Time and harmonic study of strongly controllable group systems, group shifts, and group codes

TL;DR

This paper explores the time and harmonic properties of strongly controllable group systems, introducing a time domain encoder and analyzing output symmetries in abelian and nonabelian cases, revealing a new theoretical framework.

Contribution

It provides a novel time domain encoder for group systems and analyzes output symmetries, extending the understanding of group codes beyond spectral domain methods.

Findings

Time domain encoder is a convolutional form.

Outputs are identical in abelian systems regardless of input direction.

Time and harmonic symmetry are broken in nonabelian systems.

Abstract

In this paper we give a complementary view of some of the results on group systems by Forney and Trott. We find an encoder of a group system which has the form of a time convolution. We consider this to be a time domain encoder while the encoder of Forney and Trott is a spectral domain encoder.

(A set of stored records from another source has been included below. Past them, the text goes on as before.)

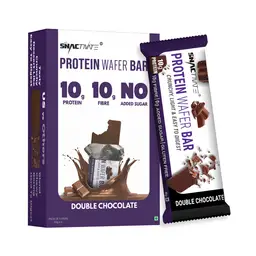 Snactivate Protein Wafer Bars Double Chocolate with 10g Protein, 10g Fiber & Sugarfree for Healthy Snacking - Pack of 1 (6 Bars) icon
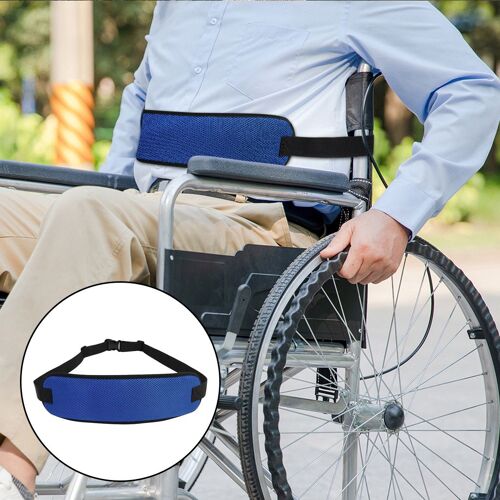 1 Pièce De Ceinture De Sécurité Pour Fauteuil Roulant, Sangles De Harnais De Coussin Réglables Avec Attelle À Boucle Confortable Pour Les Patients Âgés 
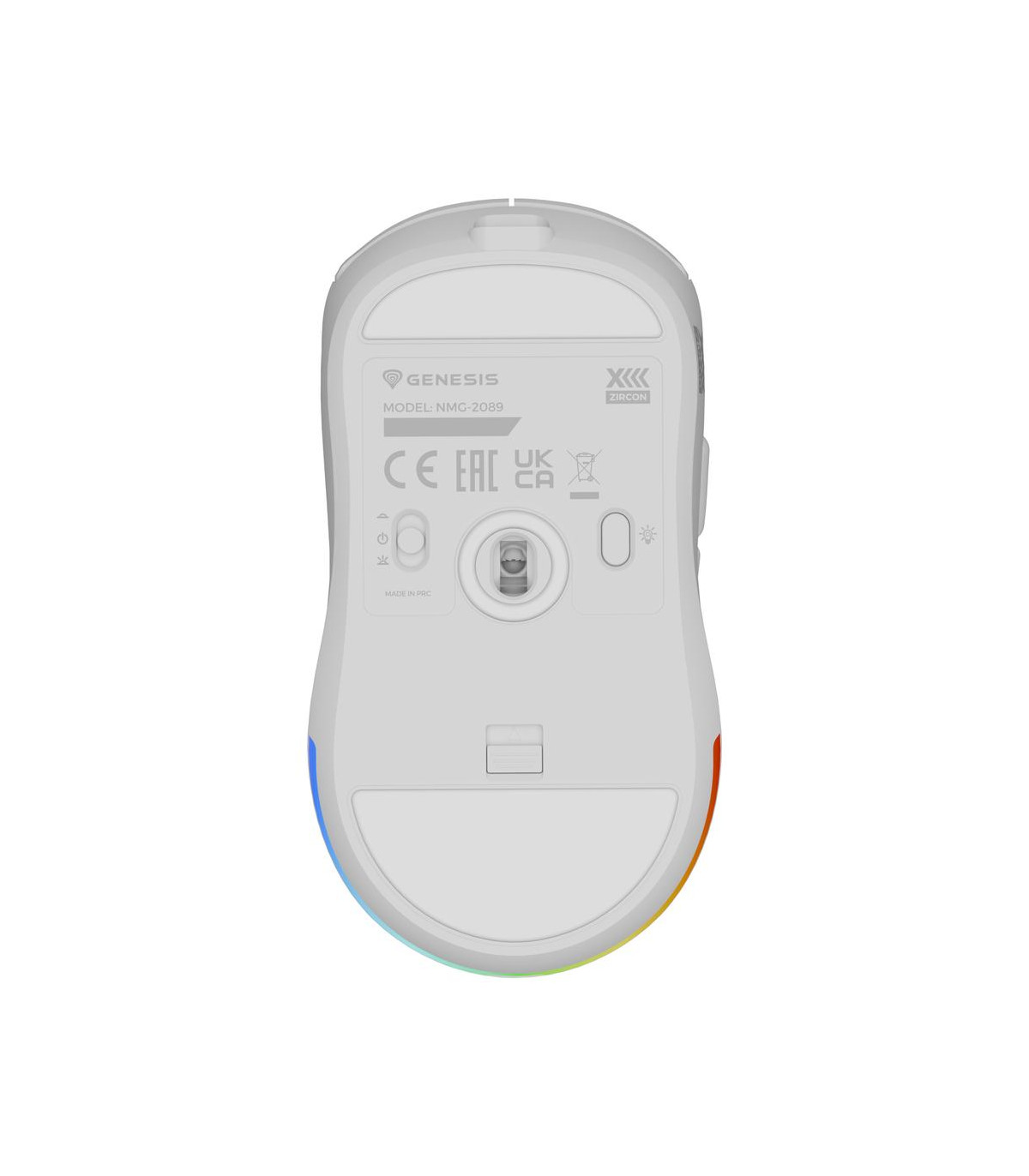 Raton inalambrico gaming genesis zircon xiii blanco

We study the outputs of time and spectral domain encoders when the inputs are the same, and also study outputs when the same input is used but time runs forward and backward. In an abelian group system, all four cases give the same output for the same input, but this may not be true for a nonabelian system. Moreover, time symmetry and harmonic symmetry are broken for the same reason. We use a canonic form, a set of tensors, to show how the outputs are related. These results show there is a time and harmonic theory of group systems.